Mr Crosby Drelincourt: Cousin and heir presumptive to Lord Rule. He is described as "A Macaroni, with an enormous ladder-toupet covered in blue hair-powdered, and a thin, unhealthily sallow countenance."
Mr. Arnold Gisborne: Secretary to the Earl of Rule. "He was tolerably satisfied himself, employment in a noble house was a fair stepping-stone to a Public Career, but he would have preferred, since he was a serious young man, the service of one more nearly concerned with the Affairs of the Nation."
Lady Caroline Massey: Lady Massey is a widow who has managed to become "a Personage." "It was the taint of the City that would always exclude Lady Massey from the innermost circle of Fashion," not the rumored intimacies between her and Lord Rule.
Mr Edward Heron: Mr. Heron hopes to gets his Captaincy and to win consent to marry Elizabeth. "the younger son of a country gentleman whose estates marched with Viscount Winwood's, he had known the Misses Winwood almost from the hour of his birth. He was of excellent if impoverished family, and had he been the possessor of a rather large fortune might have been deemed an eligible though not brilliant match for Elizabeth."
Elizabeth Winwood: The eldest of the Winwood sisters. she has "a pair of melting blue eyes and a sweet, arched mouth that formed at the moment an O of mild surprise. A quantity of fair curls dressed without powder and threaded by a blue riband framed her faced and tumbled on to her shoulders in several ordered locks." Elizabeth wishes to marry Mr. Heron.

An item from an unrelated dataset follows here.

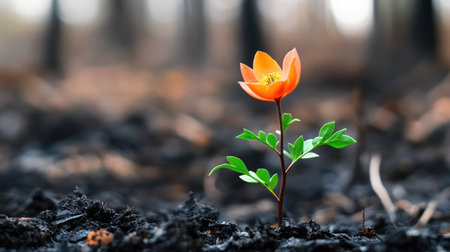 Bright orange vegetation rising from burnt earth, a striking image of healing, rebirth, and resilienceの素材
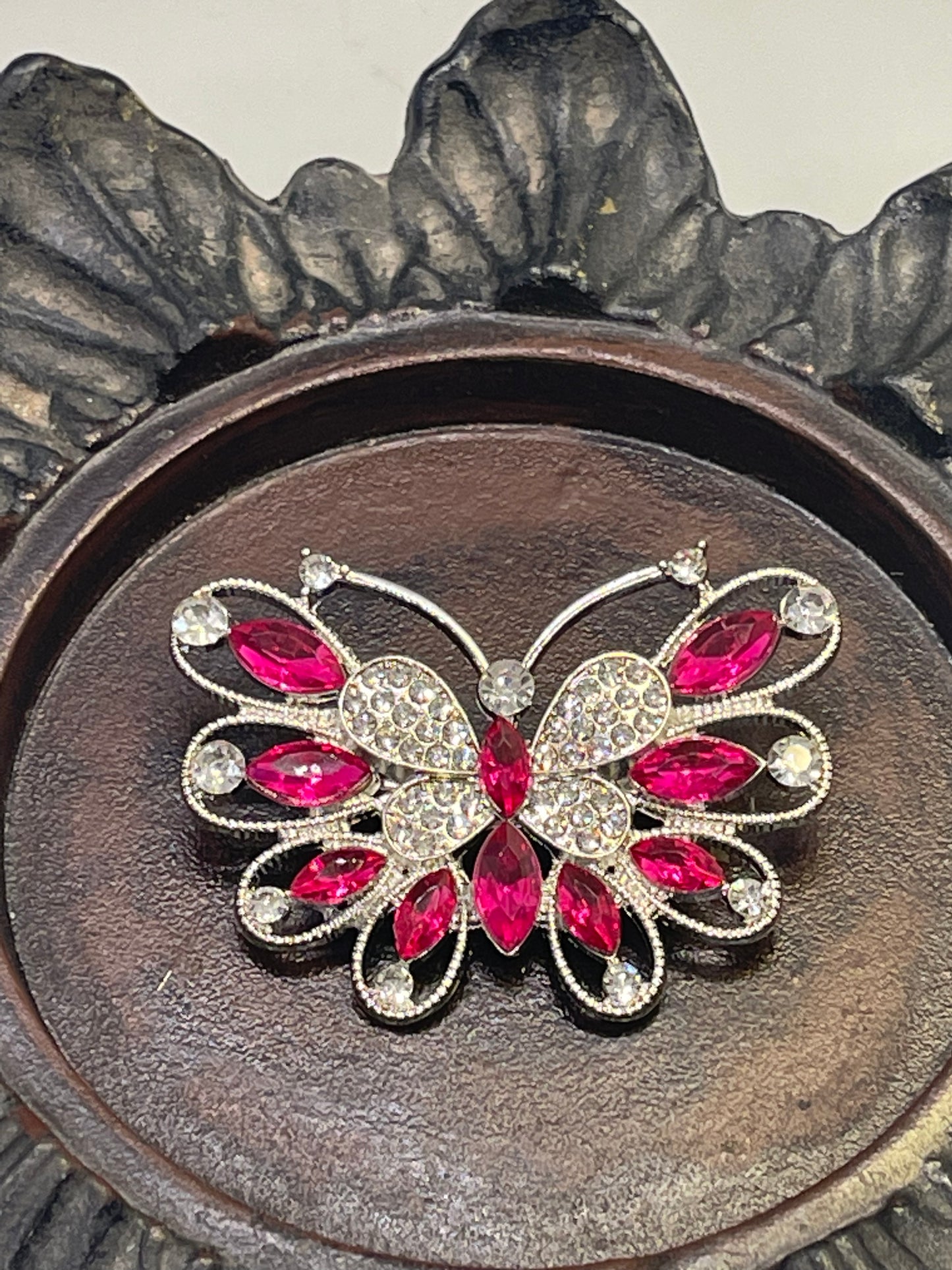Luxe’s hot pink  butterfly Crystal Brooch Rhinestone silver tone woman with rhinestone gift scarf accessory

Lady Louisa Quain: Lord Rule's sister. "She was an extremely handsome woman, with most speaking eyes, at once needle-sharp, and warmly smiling."
Lady Winwood: Horatia's mother. "She had been induced to await <Lord Rule> in the withdrawing-room, fortified by smelling-salts, and a new polonaise with tobine stripes which had arrived from her dressmaker's just in time to avert a nervous collapse."

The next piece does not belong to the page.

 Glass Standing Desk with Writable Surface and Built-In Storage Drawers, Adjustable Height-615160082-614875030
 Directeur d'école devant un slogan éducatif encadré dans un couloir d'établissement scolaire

Lady Amelia Pridham: "that grossly fat and free-spoken dame ... Lady Amelia, besides being of an extreme good nature, would go to any house where she could be sure of deep basset." (Basset is a card game).
Miss Charlotte Winwood: The middle Winwood sister. "...she was a true Winwood, with the famous straight nose and the same blue eyes. Her curls, not quite so fair as her sisters, owed their existence to hot irons, her eyes were a shallower blue, and her colouring inclined towards the sallow; but she was allowed to be a very well-looking young lady." Does not want to get married- ever.
There is nothing in Georgette Heyer's works that would be objectionable for readers of any age. Heyer does use a good bit of period slang and so readers must be willing and able to determine meaning from context.